## Work task
If a record below holds a picture, drop the picture and copy everything else exactly.

## Material provided
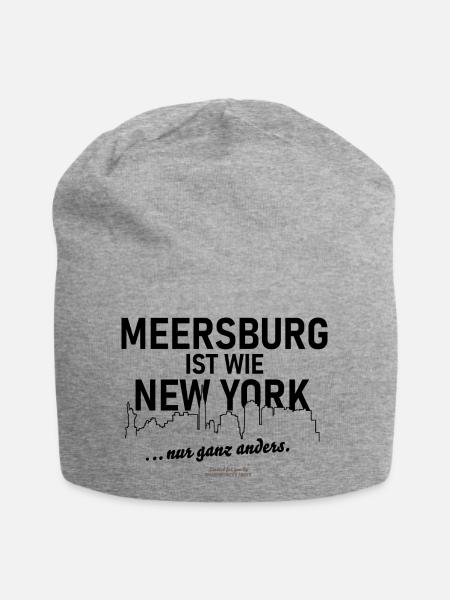 Meersburg ist wie New York - Jersey-Beanie - Grau meliert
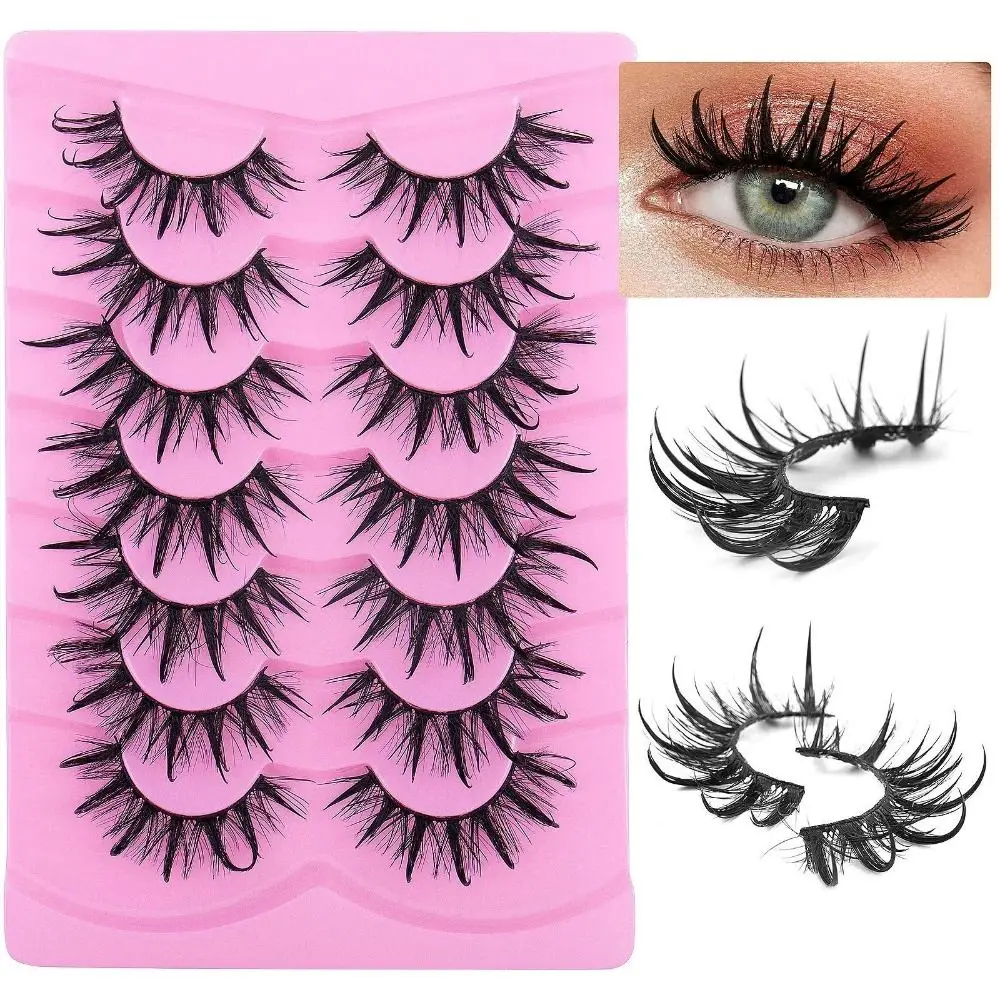 Women's Beauty Faux Mink 3D Manga Lashes Soft Cross False Lashes Wispy Natural Handmade Fake Eyelashes Eyelash Extension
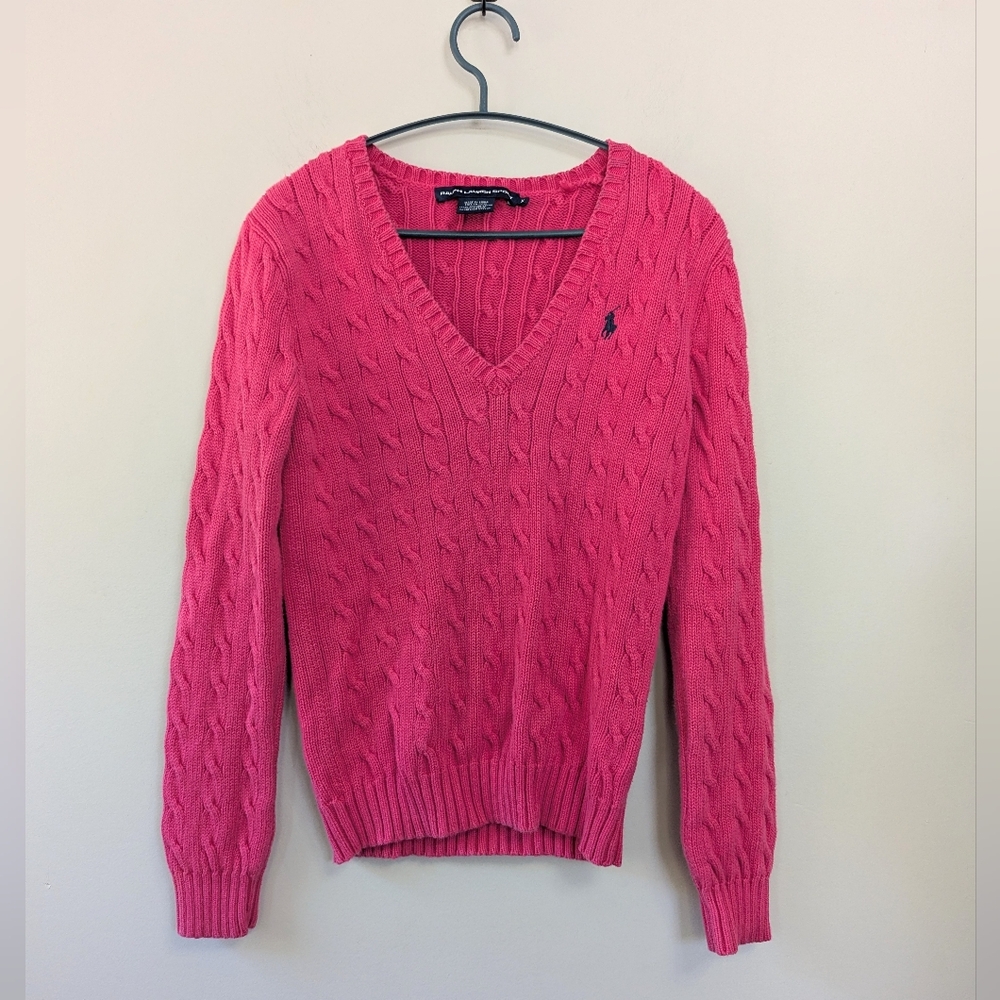 Vintage Y2K Ralph Lauren Sport Pink Cable Knit Sweater V-neck‎ Old Money Tennis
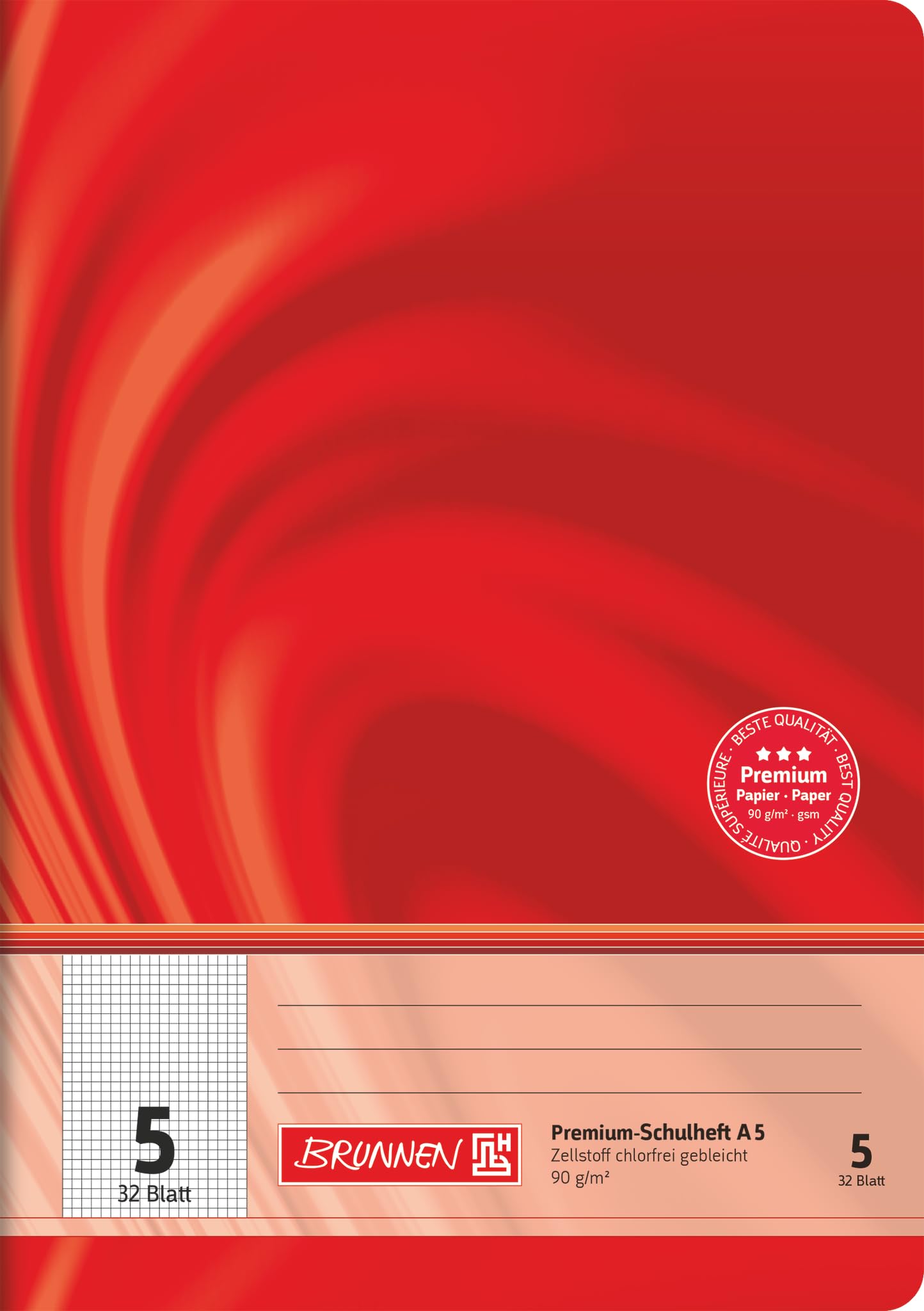 Brunnen 104550502 Exercise Book A5 Vivendi (32 Sheets, 5 mm Chequered, ruling 5)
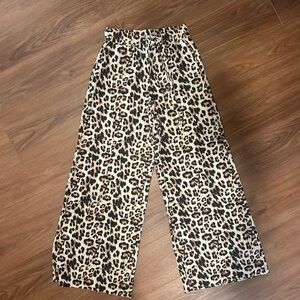 Zara Leopard Print Wide-Leg Pants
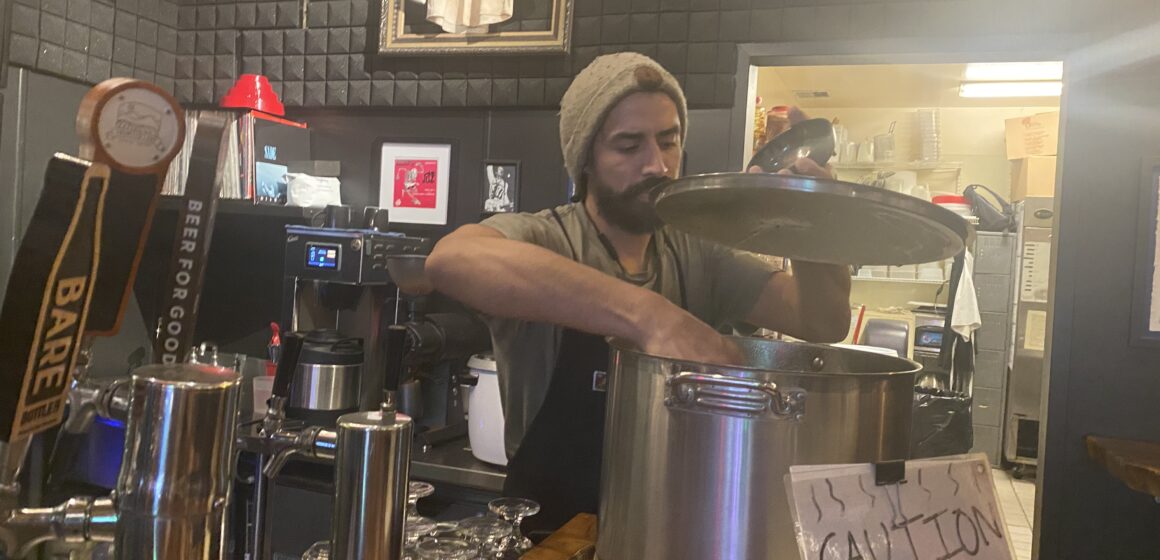 Man cooking in a restaurant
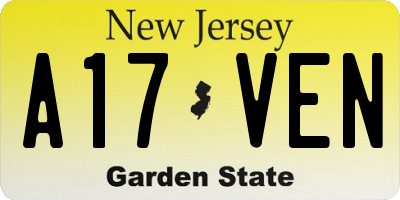 NJ license plate A17VEN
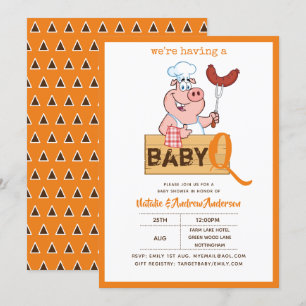 Convites Garota Moderna do CHURRASCO Baby Q Cute Pig Chef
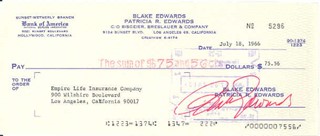 Blake Edwards autograph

## Written solution
 Meersburg ist wie New York - Jersey-Beanie - Grau meliert
 Women's Beauty Faux Mink 3D Manga Lashes Soft Cross False Lashes Wispy Natural Handmade Fake Eyelashes Eyelash Extension
 Vintage Y2K Ralph Lauren Sport Pink Cable Knit Sweater V-neck‎ Old Money Tennis
 Brunnen 104550502 Exercise Book A5 Vivendi (32 Sheets, 5 mm Chequered, ruling 5)
 Zara Leopard Print Wide-Leg Pants
 Man cooking in a restaurant
 NJ license plate A17VEN
 Convites Garota Moderna do CHURRASCO Baby Q Cute Pig Chef
 Blake Edwards autograph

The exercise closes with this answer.